This is something I’ve thought about in passing for at least the past year but never really stopped to pinpoint or examine. I really don’t like the phrase ‘doing the work’ which in my experience is almost always associated with left-wing activists pushing some form of identity politics. Last Saturday, the NY Times published an opinion piece about this phrase which I just came across today. I’m not on TikTok but apparently “doing the work” is rampant there.
A few weeks ago I noticed that the TikTok algorithm kept serving me videos of 20-somethings speaking directly to camera, admonishing me to “do the work.” They wanted me to know that they were doing the work and that doing the work would eventually turn them into self-actualized beings poised for greater success in life.
Exactly what “the work” meant wasn’t entirely clear.
The author also says she previously associated this particular phrase with left-wing politics, e.g. “doing the work of unlearning racial bias.” She traced it back to 2021 when it appeared in book by a clinical psychologist (“How to do the work”) and also in a New Yorker article about phrases adopted from the culture of psychotherapy. But there’s a reason this phrase pops up on social media and in lefty discussions of politics so often. It has become a signifier of something else.
When you notice something like this on social media, it’s a safe bet that there’s an aspect of performance at play: “Do the work” isn’t just about doing the work; it’s about being perceived as a person who does the work. This kind of superficial therapeutic halo was noted by Mychal Denzel Smith in an Opinion guest essay last year titled “Why Do People Think Going to Therapy Makes You a Good Person?”…

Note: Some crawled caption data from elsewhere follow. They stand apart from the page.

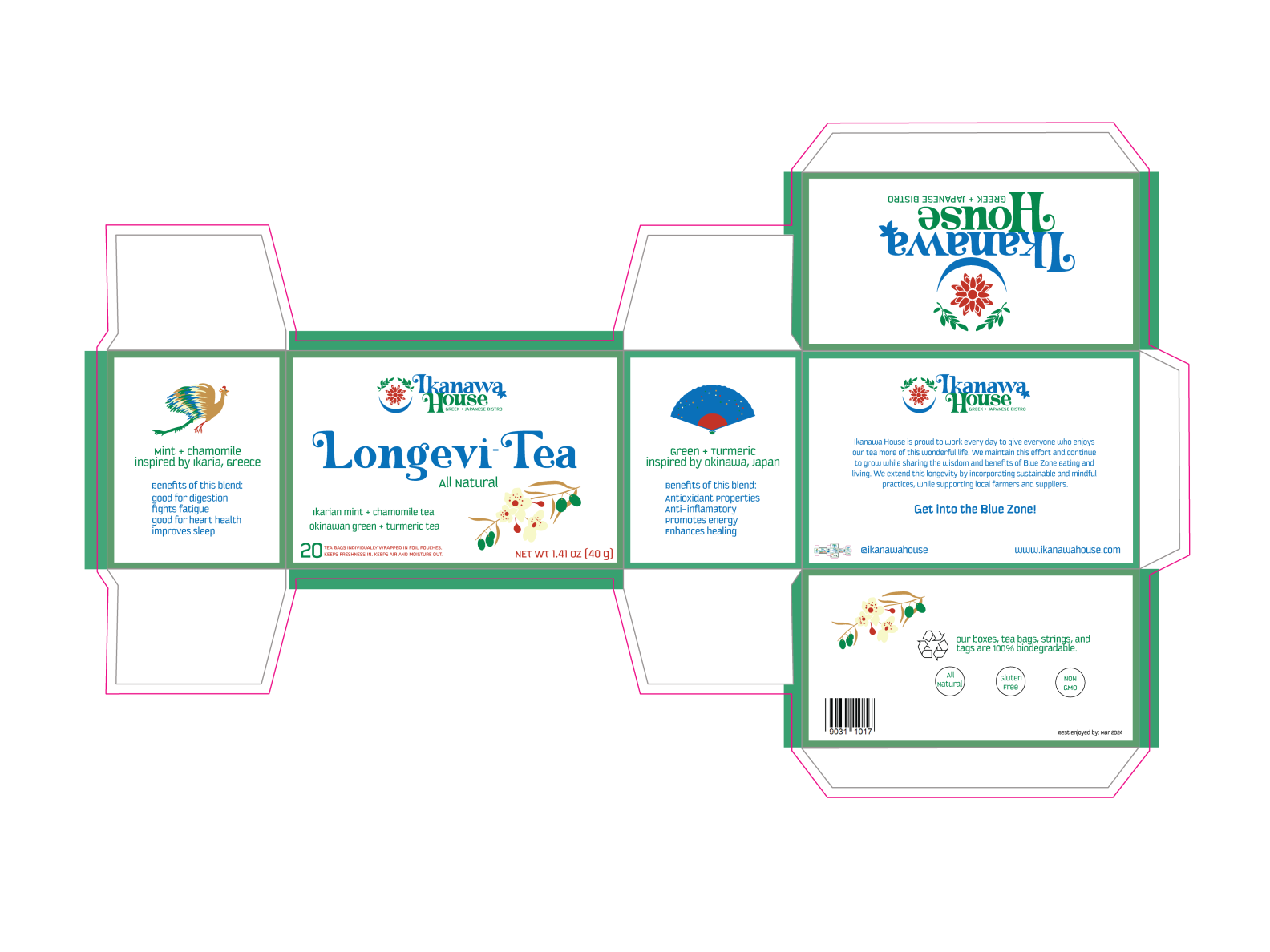 Tea Bag Packaging by Amapola Ferchl on Dribbble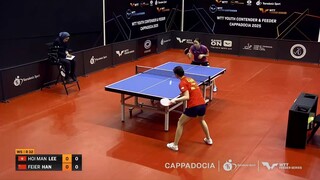 HANFEIER-LEE HOI MAN-WTT Feeder Cappadocia 2025-MAIN DRAW-ROUND OF 32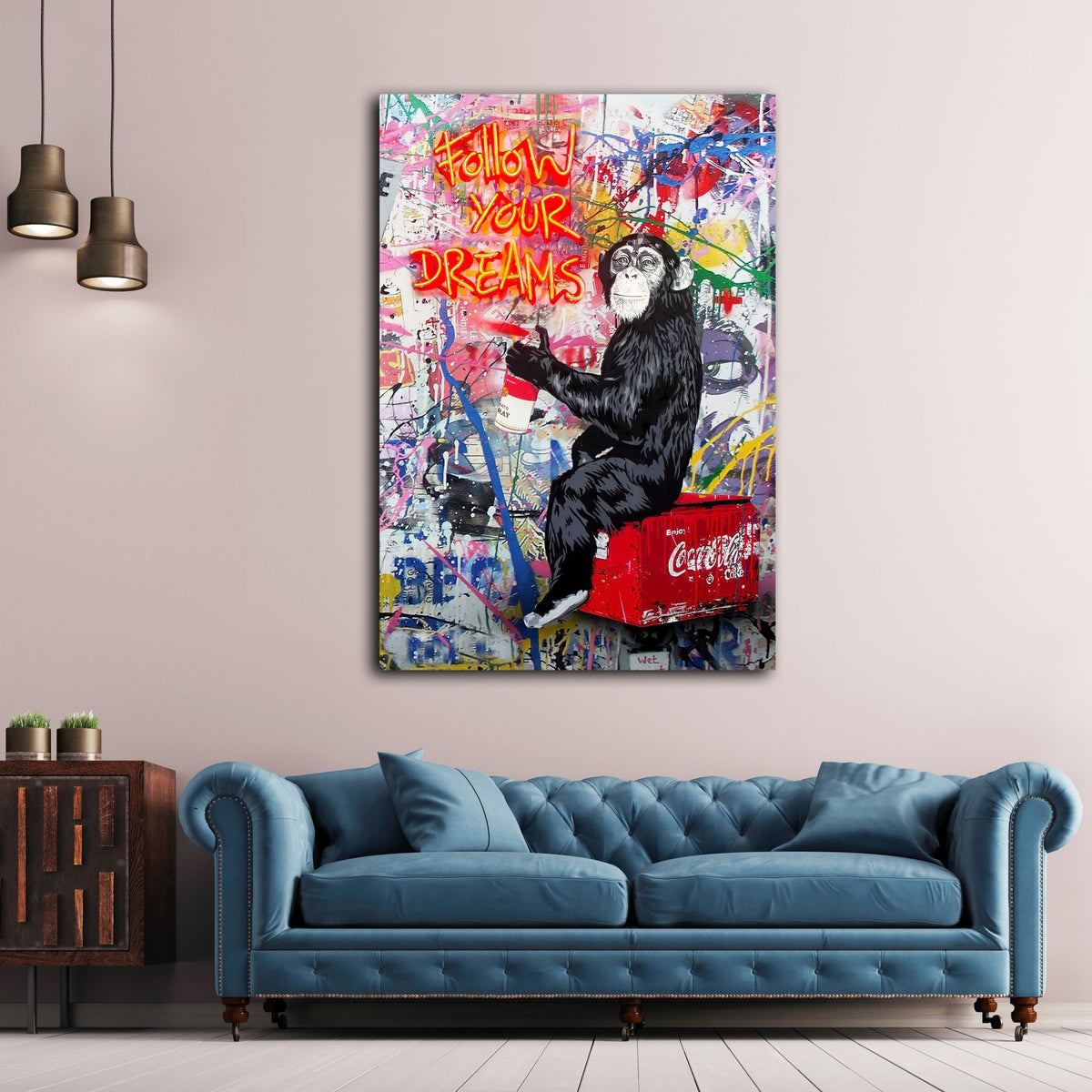 Graffiti Wall Art - The Trendy Art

I called Deborah Tannen, a linguistics professor at Georgetown University and the author of “That’s Not What I Meant!” and several other books about conversation and relationships, to ask her about “doing the work.” She said that what Smith is describing — that “doing the work” may now be associated with being an admirable person — is known in the sociological literature as a “vocabulary of motives.”
That term was advanced by the sociologist C. Wright Mills in the 1940s, and it means that in any given culture, people are going to use whatever vocabulary they think will justify their actions to the listener and allow for a smooth interaction.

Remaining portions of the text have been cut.